→ INSTRUCTIONS TO FOLLOW
No pictures go into the copy. Write out every line below exactly.

[Stored dataset items]
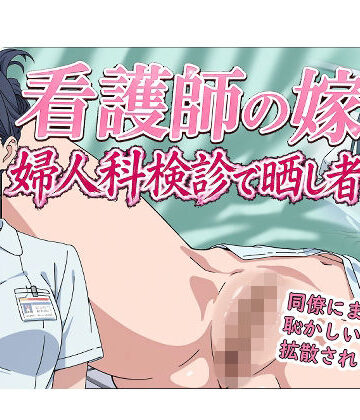 【羞恥の園】看護師の嫁 婦人科検診で晒し者｜辱め-評価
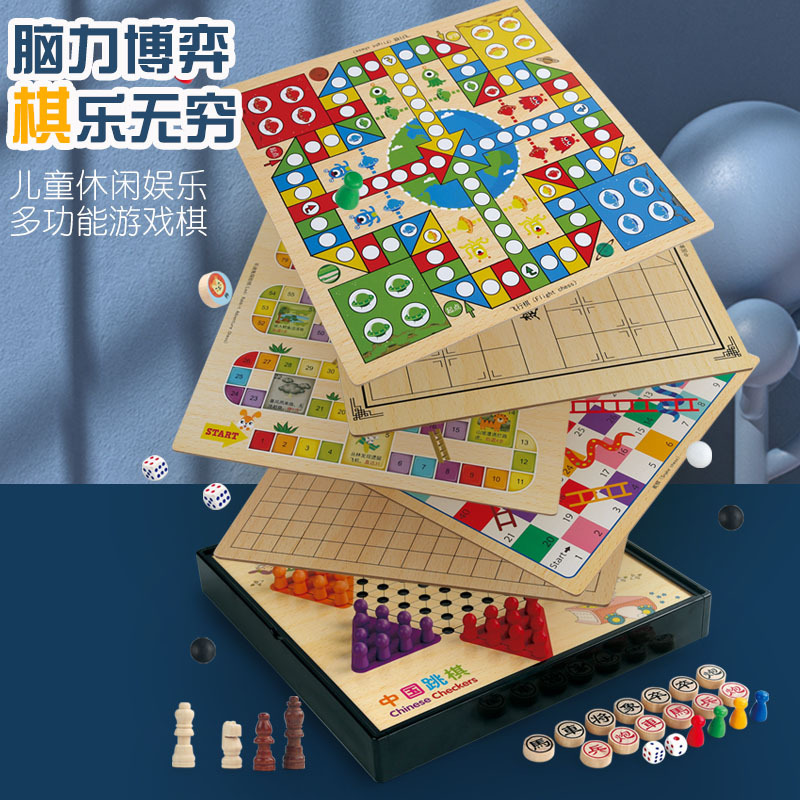 木质多合一飞行棋五子棋斗兽棋跳棋游戏学生益智多功能棋桌游玩具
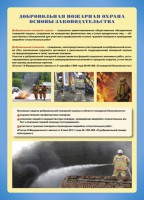 Комплект плакатов "Добровольная пожарная дружина" - fgospostavki.ru - Самара
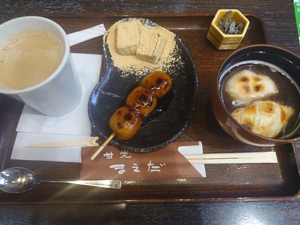 いずみ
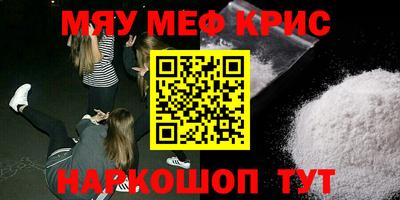 твердый Рыбинск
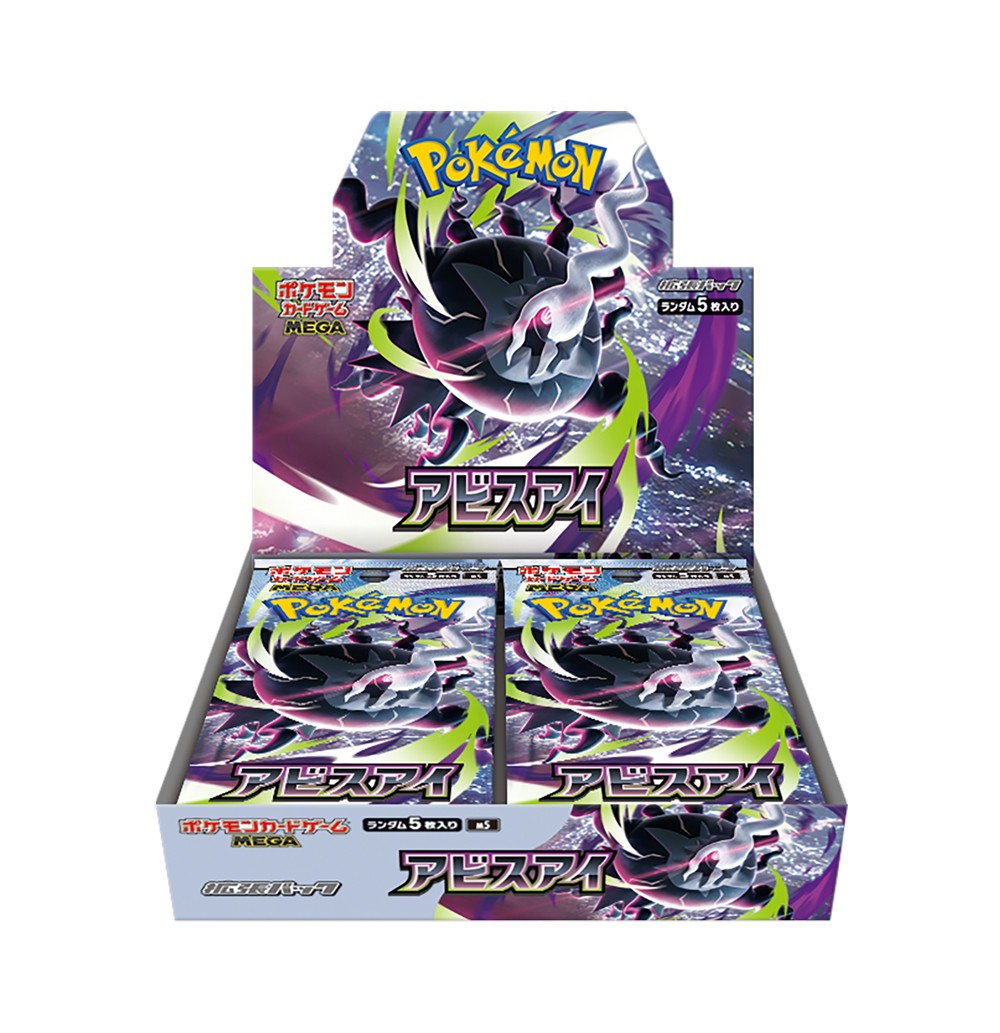 TSUTAYA南足柄店 tweet media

→ WORKED SOLUTION
 【羞恥の園】看護師の嫁 婦人科検診で晒し者｜辱め-評価
 木质多合一飞行棋五子棋斗兽棋跳棋游戏学生益智多功能棋桌游玩具
 Комплект плакатов "Добровольная пожарная дружина" - fgospostavki.ru - Самара
 いずみ
 твердый Рыбинск
 TSUTAYA南足柄店 tweet media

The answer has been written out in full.